Отмечу еще одно преимущество немецкого солдата перед советским. Немецкий солдат был хозяином на нашей земле. Я уже писал о снабжении действующей армии в зимнюю кампанию 1941/42 года. Наш солдат никогда не чувствовал себя сытым. А голод на морозе переживается намного труднее, чем в тепле. Население же, даже при всей доброте, не могло нас прокормить. Люди сами были полуголодные или голодные. Правда, бывали случаи, когда хозяйка дома варила и ставила нам на стол чугунок картошки в "мундире". Но это было редкостью. Немцы же, как нам казалось, снабжались хорошо. В ранцах убитых, в разбитых повозках и машинах мы всегда находили консервы, черный хлеб длительного хранения, чай и другие продукты. Я не знаю, как много продуктов немецкий солдат получал у своего каптенармуса и почему у него всегда был кусок хлеба про запас, но немецкий солдат мог к тому же брать и у населения все, что ему вздумается, что он и делал. По рассказам местного населения, немцы очень любили сало, масло, кур, молоко. Мы же больше чем на угощение картошкой не рассчитывали.
В первые дни наступления мы освобождали деревни, где дома полностью или частично уцелели. Немцы отступали, оставляя деревни целыми. Мы их занимали и размещались по домам. Командование распределяло улицы или дома по подразделениям, нижестоящие командиры, в свою очередь, – по ротам, взводам и отделениям. В доме можно было обогреться, поесть, если старшина привезет что-нибудь или хозяйка окажется состоятельной, и, конечно, выспаться. Солдат человек нетребовательный. Спали на полу, на лавках и под ними. Иногда в хату набивалось столько солдат и офицеров, что лежали только на боку, лечь на спину места не хватало. Если кому-то надо было выйти в караул или по надобности, он проходил по телам спящих. А иногда места в доме всем не хватало, и тогда оставшиеся без места устраивались в холодных сенях.

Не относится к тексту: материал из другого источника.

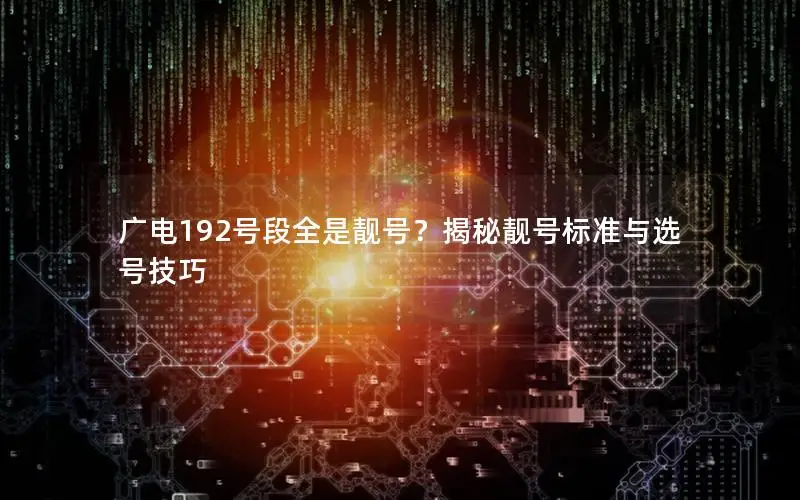 广电192号段全是靓号？揭秘靓号标准与选号技巧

Ну вот, улеглись, кажется, можно и выспаться. Ан нет! Через некоторое время кто-то из самых смелых или нетерпеливых поднимается и пробирается к источнику света. Обычно это коптилка. Снимает шинель, гимнастерку и нательную рубаху и приступает к бойке вшей. За ним поднимается второй, третий, четвертый. Окружали коптилку плотным кольцом. Опоздавшие ждали, когда освободится место. Размещение в деревнях – на первый взгляд блаженство – становилось тяжелым испытанием.
Все лето и осень до ноября 1941-го у нас не было вшивости. Мы были грязные, не мылись месяцами, но вшей не было. Весь секрет в том, что, отправляясь на фронт, еще в Чирчике мы вымочили белье, гимнастерки и брюки в мыле "К". К тому же все это время у нас не было контакта с местным населением. И это нас спасало от вшивости.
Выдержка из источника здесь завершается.